| Work order |
Your copy of the lines below must match them exactly and contain no images.

| Provided data |
= Beginning of Section =
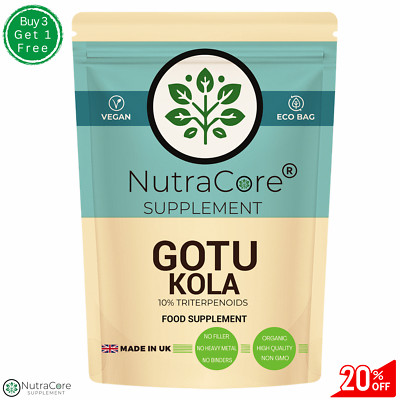 Gotu Kola Caps 5000mg (10% Triterpenoide) - Gehirn, Kognition & Gedächtnisunterstützung - 90 Kapseln
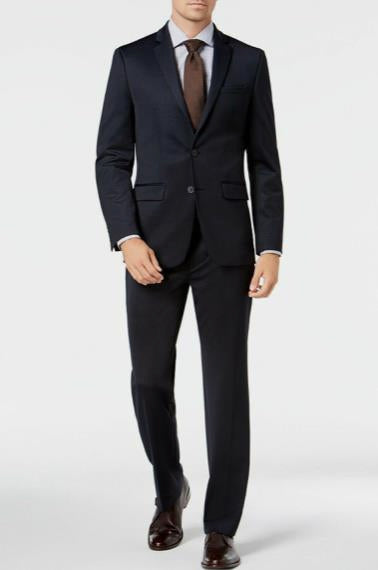Van Heusen Mens Talon Classic fit 2 Piece Suit 44 L / 37 Waist $395 TLON2VMX0083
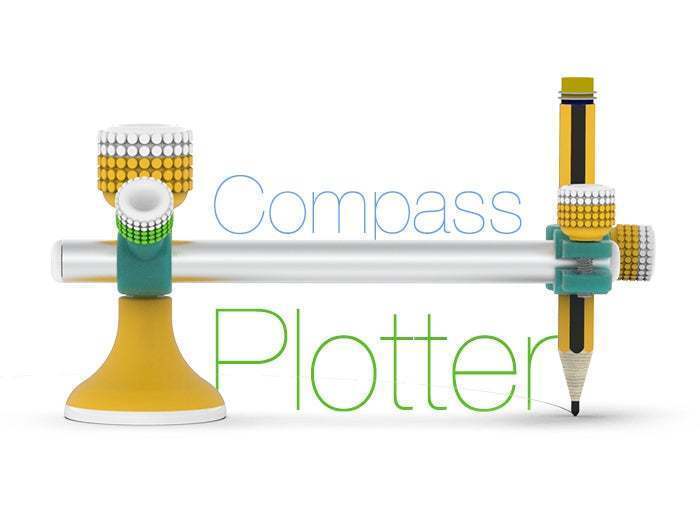 Free STL file Compass - Plotter 🧭 ・Design to download and 3D print・Cults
= End of Section =
| Answer box |
 Gotu Kola Caps 5000mg (10% Triterpenoide) - Gehirn, Kognition & Gedächtnisunterstützung - 90 Kapseln
Van Heusen Mens Talon Classic fit 2 Piece Suit 44 L / 37 Waist $395 TLON2VMX0083
 Free STL file Compass - Plotter 🧭 ・Design to download and 3D print・Cults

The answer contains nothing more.